0

When we show a table with many thousands of records, we only show a small part of the total result set so as not to send too much data to the client at once. Clients can request more parts of the result set through pagination.

This is how a typical query for such a table looks:

SELECT `expression1`, `expression2` FROM table (JOINS) ORDER BY table.id LIMIT 0,100

The LIMIT clause restricts the result set so that the table does not become too big. The ORDER BY clause enforces a deterministic order.
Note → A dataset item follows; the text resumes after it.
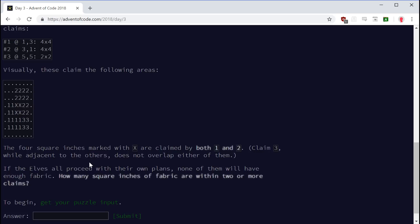How many square inches of fabric are within two or more claims? I thought they were going to ask us to identify the one that doesn't overlap with any, which is not the hardest in the world. But this is a little easier to track, because you can just mark spots on the grid and increment the number of claims on the grid without having to track where those claims came from. This seems simple enough. Let's get started.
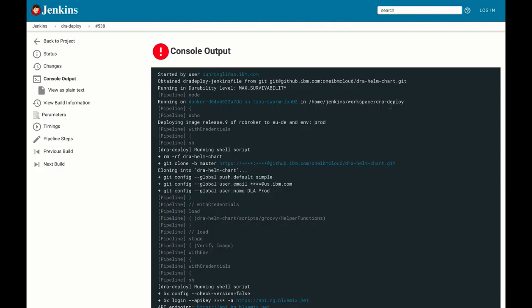We can directly navigate to the delivery pipeline, in this case in Jenkins, to investigate further.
I have noticed that these queries can become very slow when several database tables are joined and at least one of them contains a large number of rows. Leaving out the ORDER BY clause greatly improves the speed, up to 10000%. Apart from not having to sort, I assume the query optimizes by executing the LIMIT clause before the SELECT clause.

Ironically, it is not necessary that the result set is ordered by id. We just need a deterministic order to facilitate reliable pagination, for example one that follows the order of the primary key or a predetermined index.

Is there an instruction to achieve deterministic order without the ORDER BY clause?

user2180613
  • 1,792

1 Answers1

8

No

You cannot and should not rely on an SQL database returning rows in any deterministic fashion without proper ORDER BY clauses. In practice, rows may come back in a particular order each time you run the same query. Simply because its looking at the same data in the same order on disk. But there's no guarantee of it. Various things going on on the database server can change that physical order.

What you need to do is make sure you have the proper indexes set up. Use EXPLAIN and other tools to minimize row scans.

GrandmasterB
  • 39,412